Over the winter I worked on a new Internet-Draft that I would like to propose the IETF adopts: Regular Expressions for Internet Mail. The draft focuses on two identifiers: email addresses and Message-IDs.

The purpose of this standard (proposed as a Best Current Practice) is to have *IETF-vetted* expressions that implementers and non-mail standards authors can plug-and-chug without futzing with trying to interpret 40 years of (occasionally conflicting and arcane) RFCs and implementation lore. There are many non-mail systems out there (read: nearly every web app, reservation system, customer database, etc. on Earth) that use or consume email addresses as identifiers, and their inability to accept the most obvious valid characters (like "+" or even "-"; I have used apps that do not even accept "-") is a great source of interoperability problems. (This document is also relevant to some other threads about the nature of email address identifiers in security artifacts such as certificates, PGP keys, and DNS records: anyone who is vouching for an email address ought to be sure that they are recording something that actually is a valid email address in the first place.) We should get this right now, before Unicode/EAI makes interoperability issues 50000x more expensive to correct.

The document is not meant to modify the mail standards, but merely to reflect and track them as they are updated over time.

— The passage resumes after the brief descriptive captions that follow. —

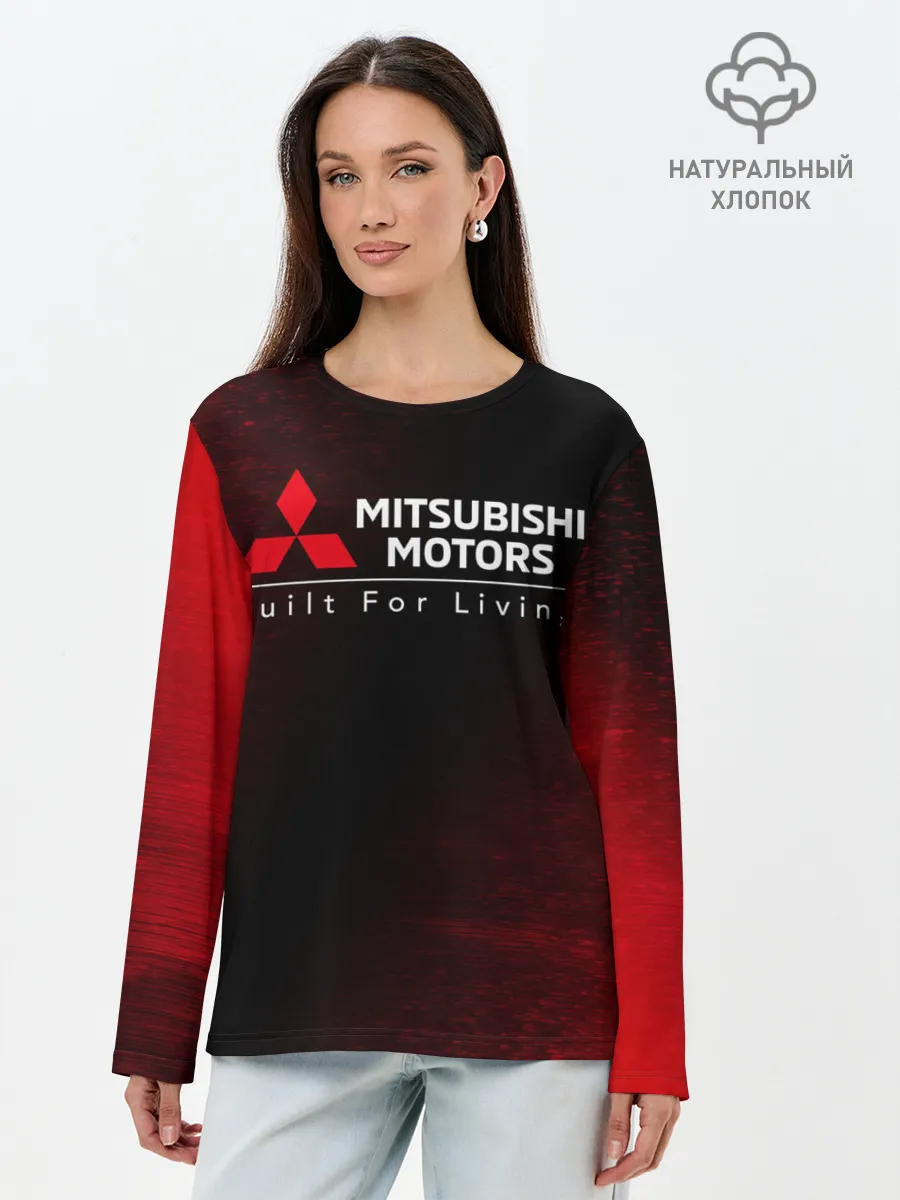Лонгслив женский. Хлопок / MITSUBISHI / МИТСУБИСИ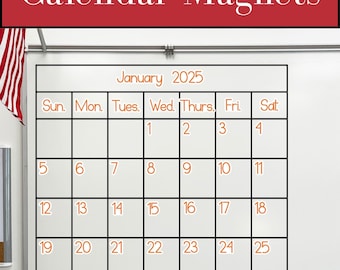 Calendar Magnets set, Dry erase calendar, customized magnet, classroom decal, teacher decal, classroom dryerase, classroom magnets, today is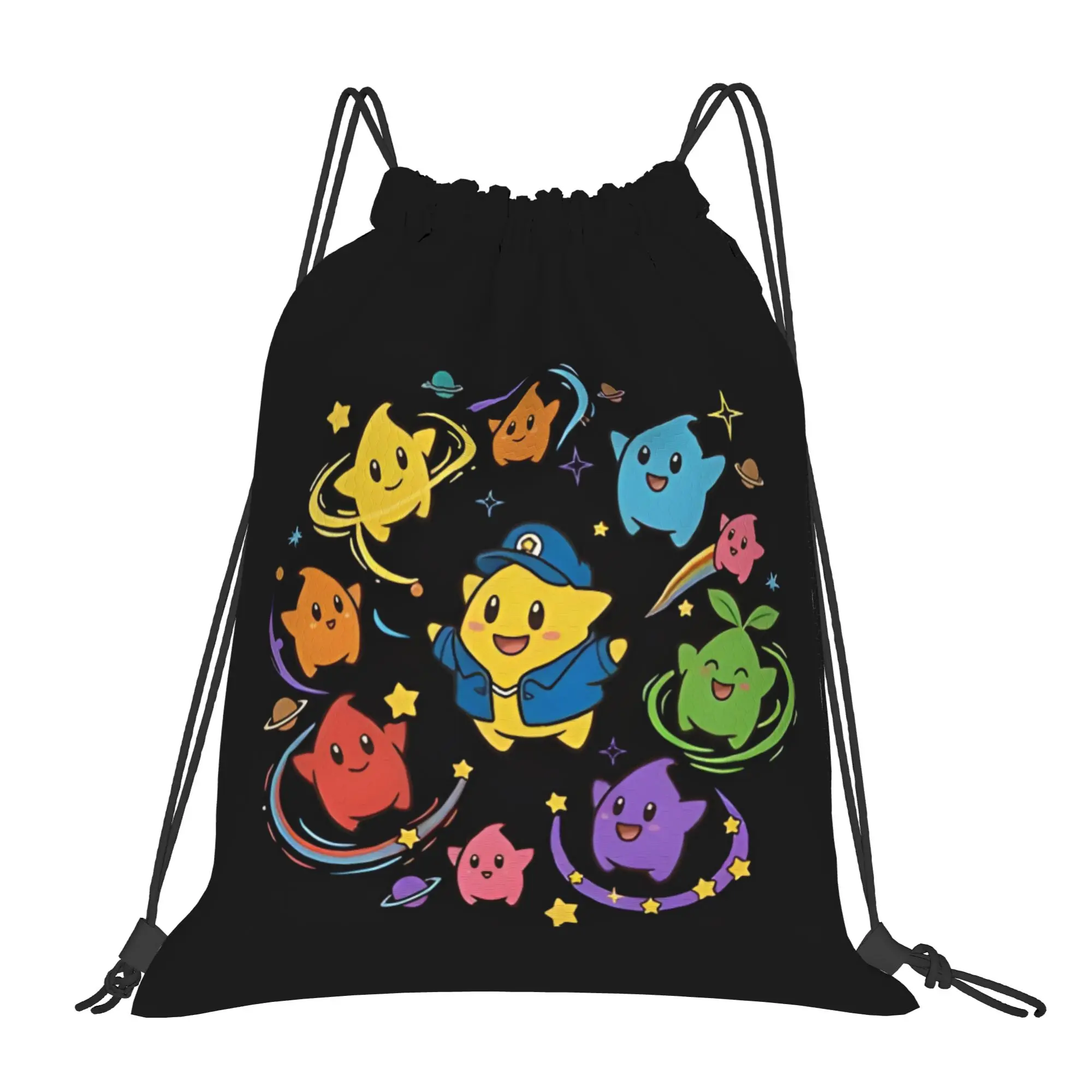 Lumalee 2  Portable Travel Drawstring Backpack Riding Backpack Gym Clothes Drawstring Bags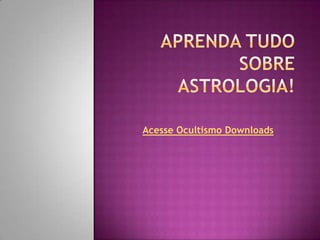 Acesse Ocultismo Downloads
 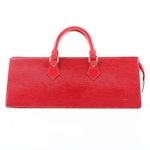 Louis Vuitton Sac Triangle in Castilian Red Epi and Smooth Leather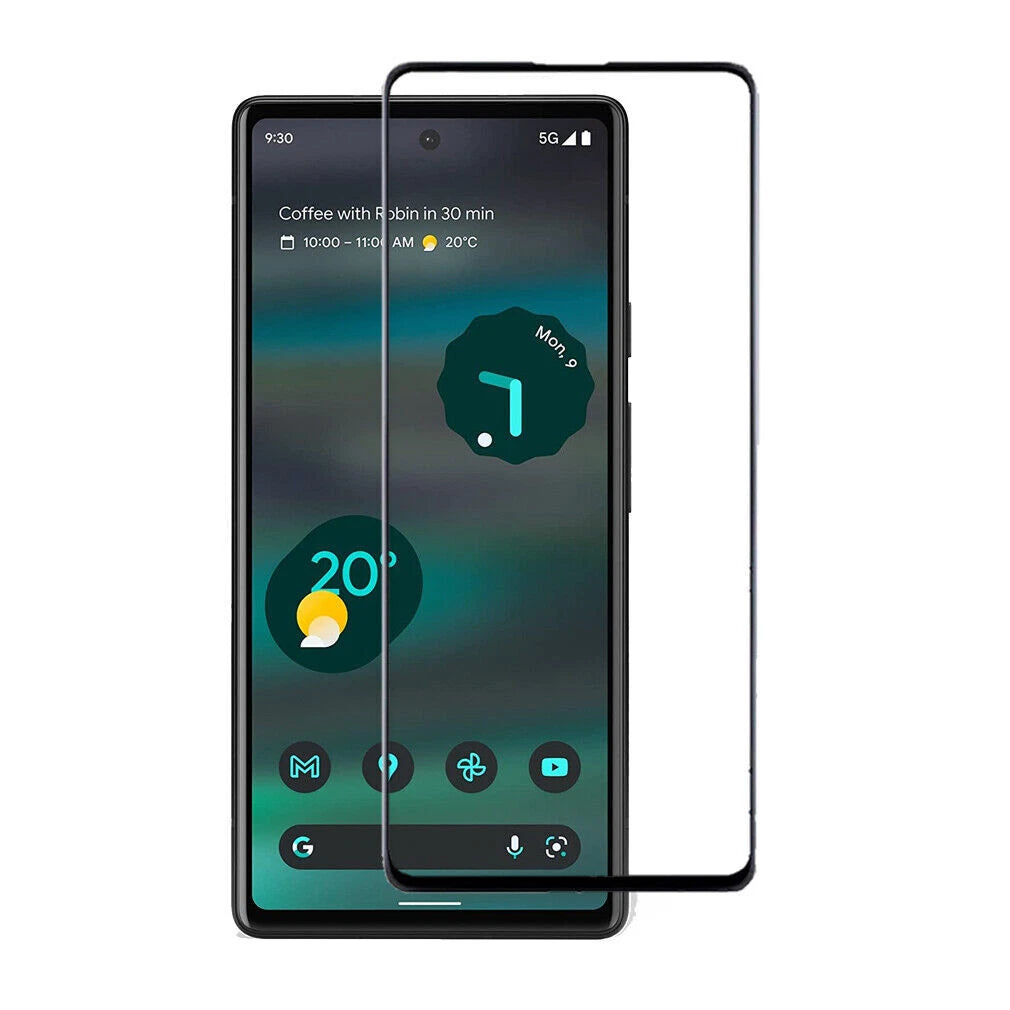 2X Full 3D Curved Black Edge Screen Protector For Google Pixel 10 Pro XL 9 Pro XL 7A 8A 9A 10A Tempered Glass - Various models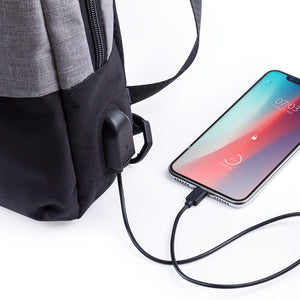 Borsa Tracolla Versox grey - personalizzabile con logo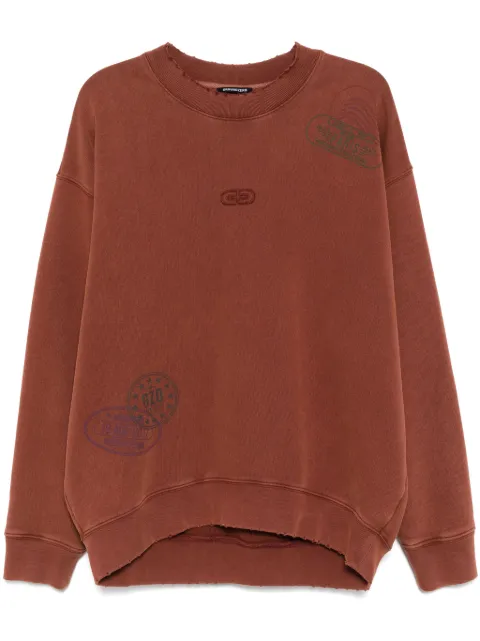 Ground Zero logo-print sweatshirt Brown GZOSWXPSW2270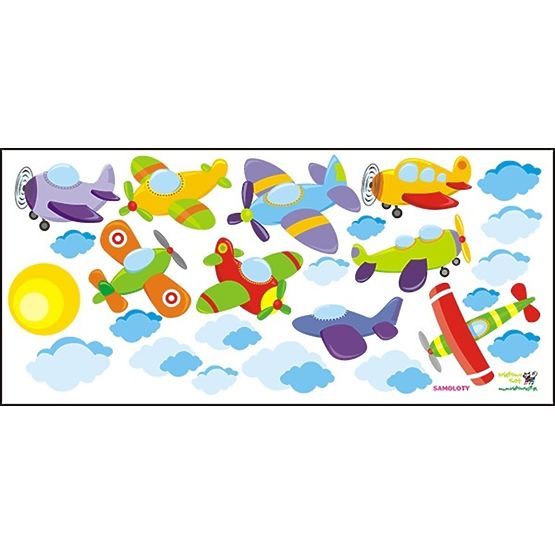 lipicios decorare pe fereastră avioane - 0,3m2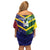 Custom Sri Lanka And Australia Cricket Family Matching Off Shoulder Short Dress and Hawaiian Shirt 2025 The Lions Baggy Greens Together - Wonder Print Shop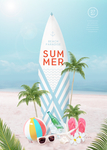 韩国多姿多彩的夏季假日海报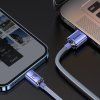 Crystal Shine Series Dátový Kábel USB - Lightning 20W 1,2m, Baseus, Fialový
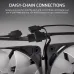 Corsair RS120-R ARGB Casing Cooling Fans connected via daisy-chain cables for single header control and RGB sync.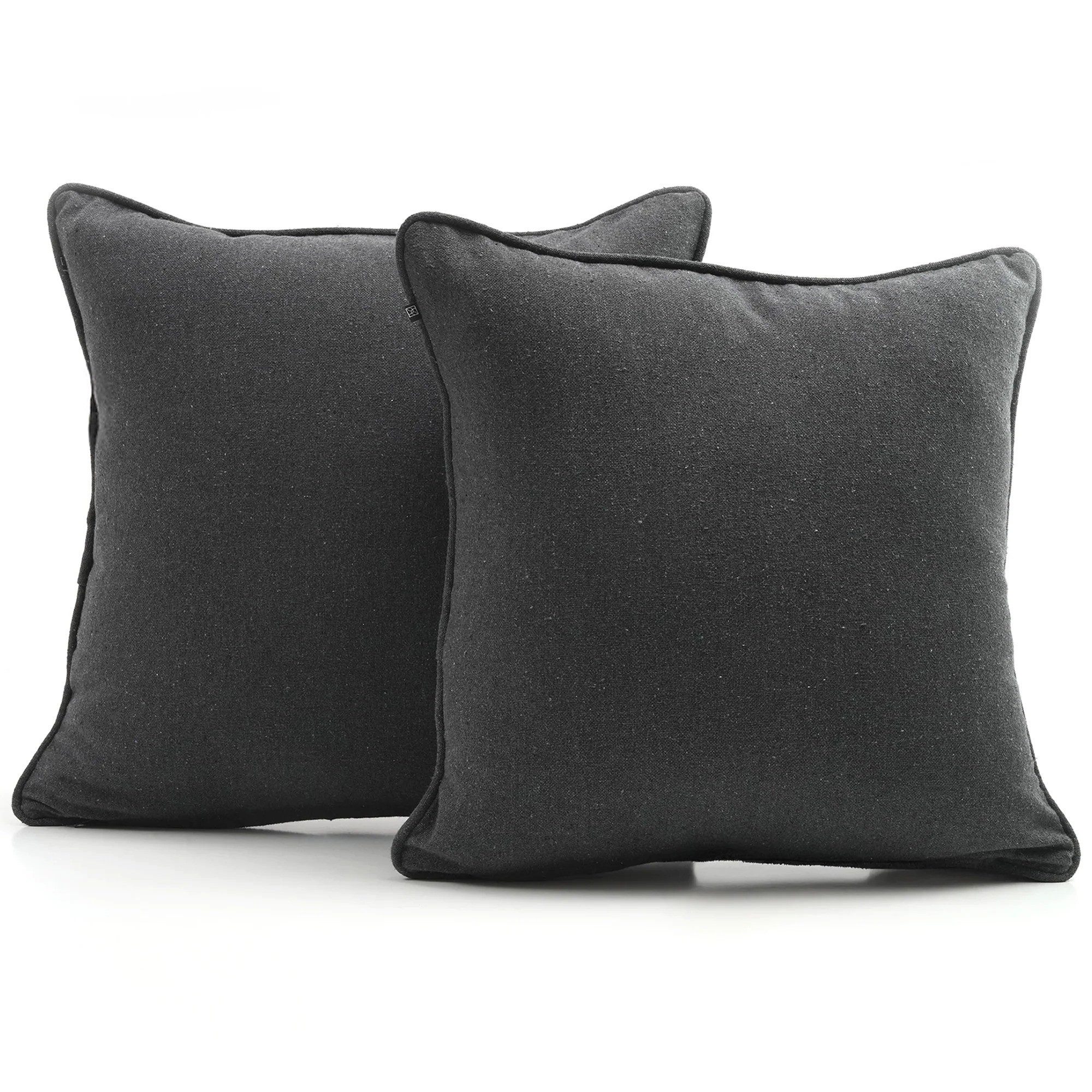 DYNMC you Sofakissen mit Füllung und Bezug - 2er Set mit Viel Füllung, Rückenkissen mit Baumwoll-Bezug - Bequeme Декоративные подушки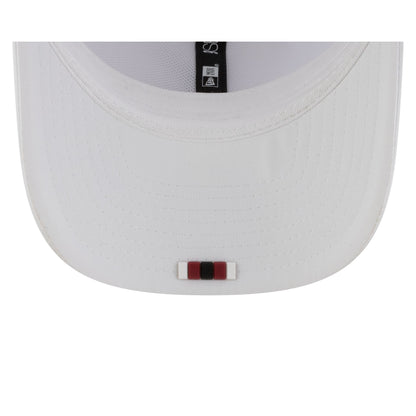 Arizona Cardinals 2025 Sideline Hot Weather White 9SEVENTY Trucker Hat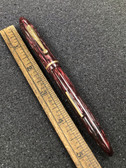 Sheaffer 3-25 Junior Red Striated Fountain Pen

As a first draft, the document is in rough shape and has extensive notes about issues that came up during R&D but have yet to be addressed. Significant areas that need adequate treatment include:
1. the impact of Unicode (EAI) on identifiers.
2. handling domain names, which comprise 50% of an email address, but perhaps 85% of the complexity when Unicode gets involved. 2. "deliverable email address" (complying with the modern SMTP infrastructure) vs. other kinds of email addresses (Internet Message Format, historic forms). 3. regular expression engines and grammars (i.e., which grammars to use, which are widely used and produce uniform results).
4. efficiency of the regular expressions.
5. different expressions for validation (testing), part extraction (capturing groups), decoding, encoding, and searching through text.
6. test vectors.

Hopefully the adoption of this work as an IETF item, coupled with input from those with extensive experience

(Thanks to John Levine, Pete Resnick, and others for taking initial questions and discussion on the topic.)
Discussion welcome. Thanks.


   Internet Mail identifiers are used ubiquitously throughout computing
   systems as building blocks of online identity. Unfortunately,
   incomplete understandings of the syntaxes of these identifiers has
   led to interoperability problems and poor user experiences. Many
   users use specific characters in their addresses that are not
   properly accepted on various systems. This document prescribes
   normative regular expression (regex) patterns for all Internet-
   connected systems to use when validating or parsing Internet Mail
   identifiers, with special attention to regular expressions that work
   with popular languages and platforms.